Segment Start: MATERIAL PROVIDED
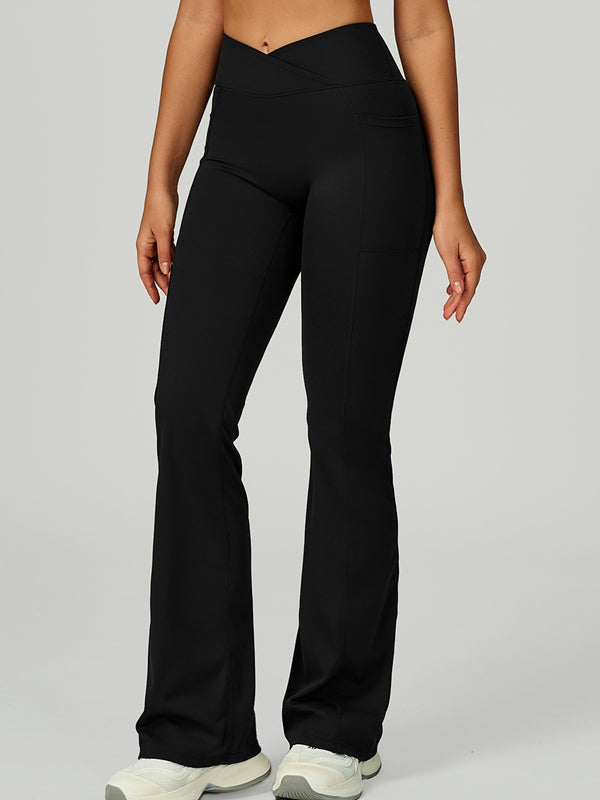 ZASUWA Female V shape-waist Flare Leggings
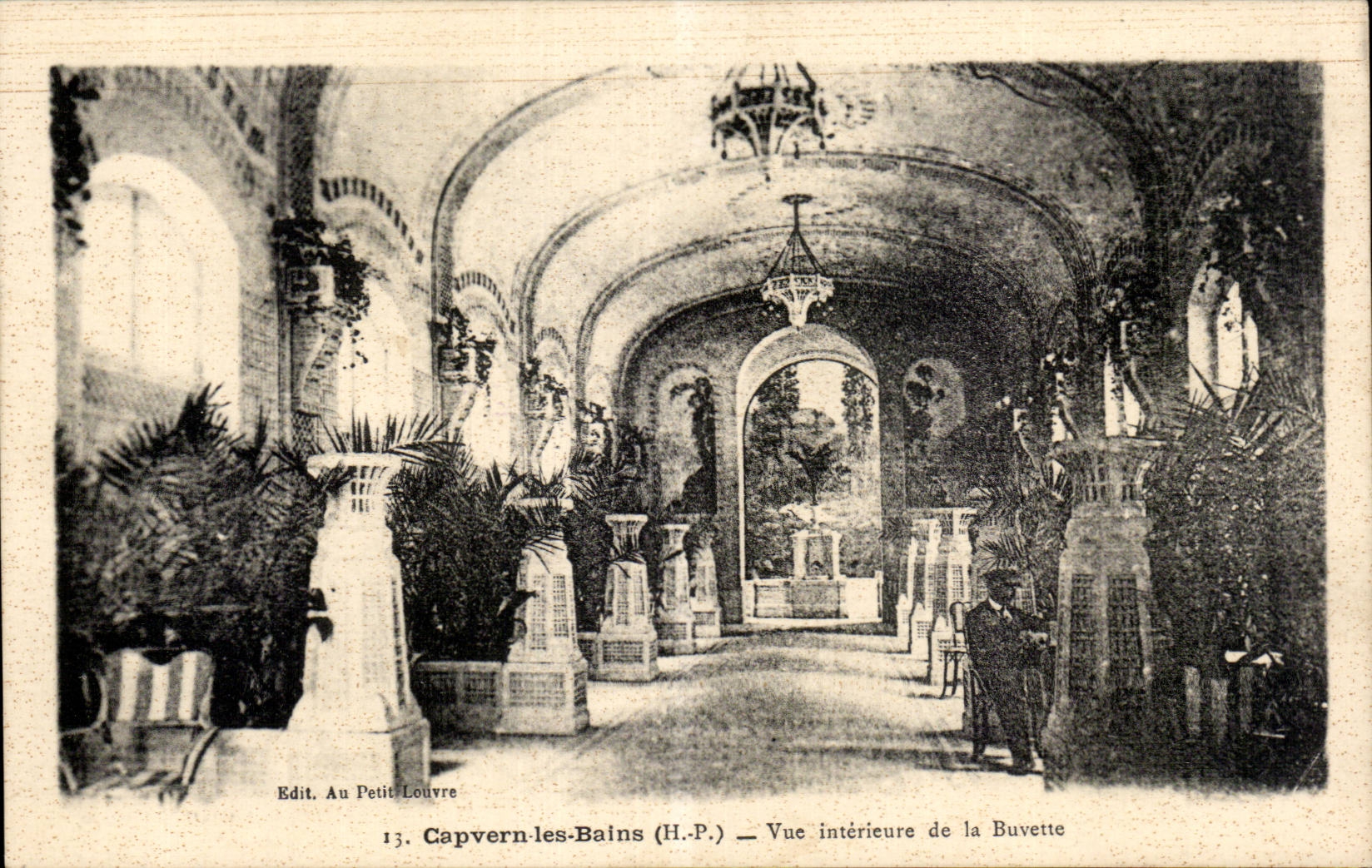 CPA Capvern baths Seen interior of the refreshment bar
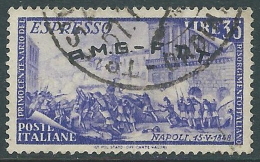 1948 TRIESTE A USATO ESPRESSO RISORGIMENTO 35 LIRE - L19 - Posta Espresso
Segment End: MATERIAL PROVIDED
__WHAT IS EXPECTED__
Every line above is to be repeated exactly, but no picture is to appear in the copy.

__SOLUTION FOR THIS PROBLEM__
 ZASUWA Female V shape-waist Flare Leggings
 CPA Capvern baths Seen interior of the refreshment bar
 1948 TRIESTE A USATO ESPRESSO RISORGIMENTO 35 LIRE - L19 - Posta Espresso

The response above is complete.